*** Begin section ***

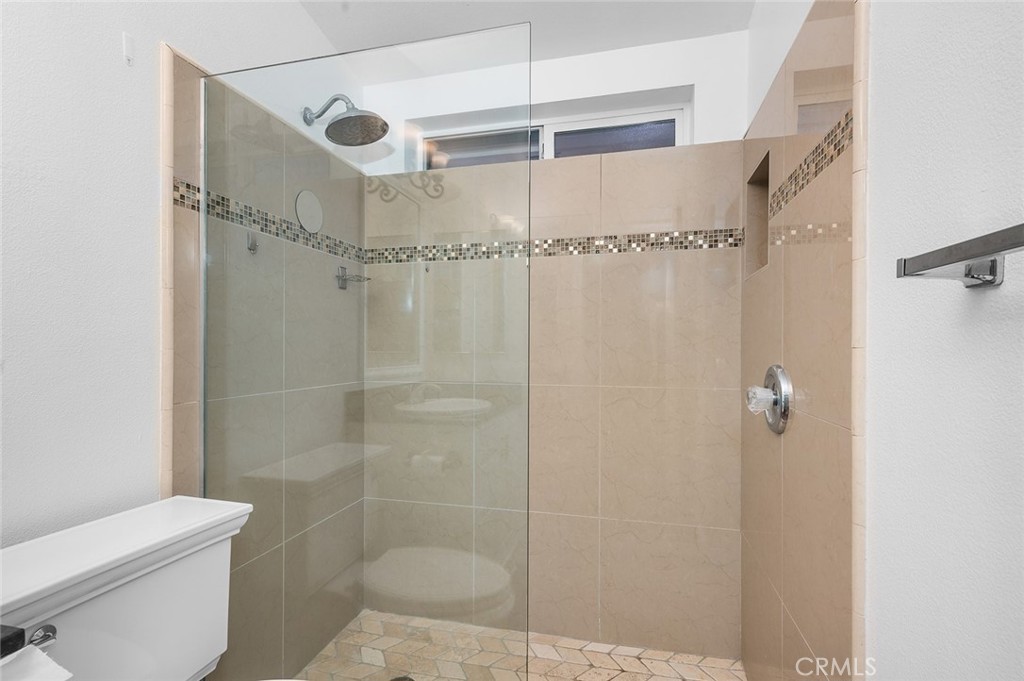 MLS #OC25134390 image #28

*** End section ***
*** Begin section ***

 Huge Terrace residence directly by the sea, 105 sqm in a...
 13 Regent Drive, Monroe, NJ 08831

*** End section ***

Problem to solve: The reply should hold only the lines of the listing above starting at the line containing "Huge Terrace residence" and ending at the line containing "13 Regent Drive, Monroe, NJ 08831", exactly as written.

Response:
 Huge Terrace residence directly by the sea, 105 sqm in a...
 13 Regent Drive, Monroe, NJ 08831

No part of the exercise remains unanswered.